Und was fällt in der Hölle auf? Wenn Sie genau hinschauen, sehen Sie unten rechts zwei grausige Dämonen. Einer von ihnen beisst einen Mann mit blau-weisser Weste. Gemäss Aussage eines ehemaligen Münsterturmwartes handelt es sich um einen Zürcher. Grund für diese Szene sei der Alte Zürich Krieg (1440 – 1446). Der Krieg habe Bern viel Geld gekostet, sie mussten den Bau des Münsters unterbrechen. Nach dem Krieg sei der ehemalige Feind Zürich in die Hölle des Münsterportals verbannt worden – als Echo der Zeit. So viel aus der Schweizer Geschichte.

Ein Teil des Radiostudios bleibt in Bern. Die Stadtregierung fordert sogar den Aufbau eines Kompetenzzentrums für Information und Politik in Bern. Und der SRG-Direktor verspricht schon, in Bern eine neue Recherche-Redaktion einzurichten.

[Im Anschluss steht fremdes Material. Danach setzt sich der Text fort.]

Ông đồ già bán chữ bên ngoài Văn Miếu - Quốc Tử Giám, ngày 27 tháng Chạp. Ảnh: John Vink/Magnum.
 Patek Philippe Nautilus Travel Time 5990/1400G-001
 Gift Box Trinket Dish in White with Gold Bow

Es kann sein, dass das «Echo der Zeit» ab 2020 am Leutschenbach produziert wird und nicht mehr an der Aare. Das Münster mit seinem Echo aus alter Zeit thront aber weiterhin hoch über der Flussschlaufe.

In Bezug auf erhellende Informationen und Hintergründe zum Weltgeschehen ist mir wichtig, dass sie mein Ohr und mein Gehirn erreichen. Denn dem «Echo der Zeit» werde ich auch in den kommenden Jahren fast jeden Tag im Radio zuhören, wo immer ich mich gerade aufhalte, wo immer es produziert wird.